Table of Contents

Class HtmlDocument

Namespace
HtmlAgilityPack
Assembly
HtmlAgilityPack.dll

Represents a complete HTML document.

public class HtmlDocument : IXPathNavigable
Inheritance
HtmlDocument
Implements
IXPathNavigable
Inherited Members

Constructors

HtmlDocument()

Creates an instance of an HTML document.

public HtmlDocument()

Fields

BackwardCompatibility

True to stay backward compatible with previous version of HAP. This option does not guarantee 100% compatibility.

public bool BackwardCompatibility

Field Value

bool

DisableServerSideCode

True to disable, false to enable the server side code.

public bool DisableServerSideCode

Field Value

bool

GlobalAttributeValueQuote

Defines the global attribute value quote. When specified, it will always win.

public AttributeValueQuote? GlobalAttributeValueQuote

Field Value

AttributeValueQuote?

OptionAddDebuggingAttributes

Adds Debugging attributes to node. Default is false.

public bool OptionAddDebuggingAttributes

Field Value

bool

OptionAutoCloseOnEnd

Defines if closing for non closed nodes must be done at the end or directly in the document. Setting this to true can actually change how browsers render the page. Default is false.

public bool OptionAutoCloseOnEnd

Field Value

bool

OptionCheckSyntax

Defines if non closed nodes will be checked at the end of parsing. Default is true.

public bool OptionCheckSyntax

Field Value

bool

OptionComputeChecksum

Defines if a checksum must be computed for the document while parsing. Default is false.

public bool OptionComputeChecksum

Field Value

bool

OptionDefaultStreamEncoding

Defines the default stream encoding to use. Default is System.Text.Encoding.Default.

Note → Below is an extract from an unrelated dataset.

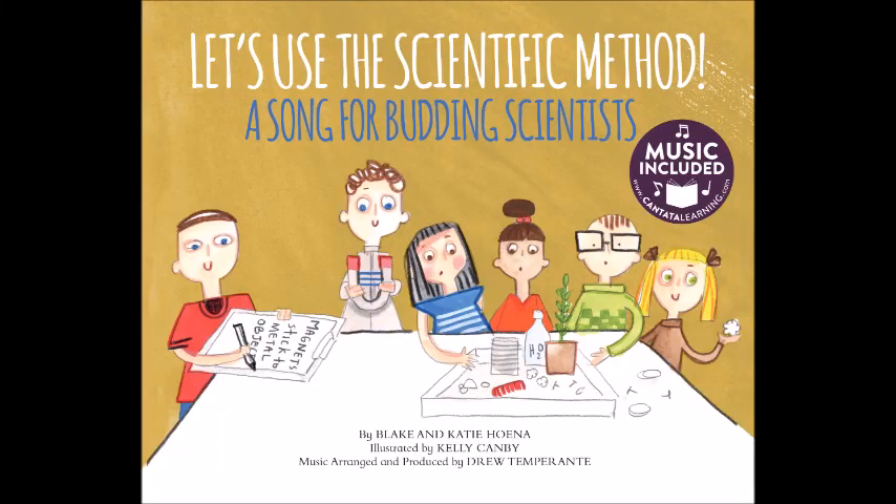Let's Use the Scientific Method, a song for budding scientists, by Katie and Blake Hona, illustrated by Kelly Canby, music arranged and produced by Drew Temperante.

public Encoding OptionDefaultStreamEncoding

Field Value

Encoding

OptionDefaultUseOriginalName

Defines if attributes should use original names by default, rather than lower case. Default is false.

public bool OptionDefaultUseOriginalName

Field Value

bool

OptionEmptyCollection

Defines if SelectNodes method will return null or empty collection when no node matched the XPath expression. Setting this to true will return empty collection and false will return null. Default is false.

public bool OptionEmptyCollection

Field Value

bool

OptionExtractErrorSourceText

Defines if source text must be extracted while parsing errors. If the document has a lot of errors, or cascading errors, parsing performance can be dramatically affected if set to true. Default is false.

public bool OptionExtractErrorSourceText

Field Value

bool

OptionExtractErrorSourceTextMaxLength

Defines the maximum length of source text or parse errors. Default is 100.

public int OptionExtractErrorSourceTextMaxLength

Field Value

int

OptionFixNestedTags

Defines if LI, TR, TH, TD tags must be partially fixed when nesting errors are detected. Default is false.

public bool OptionFixNestedTags

Field Value

bool

OptionMaxNestedChildNodes

The max number of nested child nodes. Added to prevent stackoverflow problem when a page has tens of thousands of opening html tags with no closing tags

public int OptionMaxNestedChildNodes

Field Value

int

OptionOutputAsXml

Defines if output must conform to XML, instead of HTML. Default is false.

public bool OptionOutputAsXml

Field Value

bool

OptionOutputOptimizeAttributeValues

Defines if attribute value output must be optimized (not bound with double quotes if it is possible). Default is false.

public bool OptionOutputOptimizeAttributeValues

Field Value

bool

OptionOutputOriginalCase

Defines if name must be output with it's original case. Useful for asp.net tags and attributes. Default is false.

public bool OptionOutputOriginalCase

Field Value

bool

OptionOutputUpperCase

Defines if name must be output in uppercase. Default is false.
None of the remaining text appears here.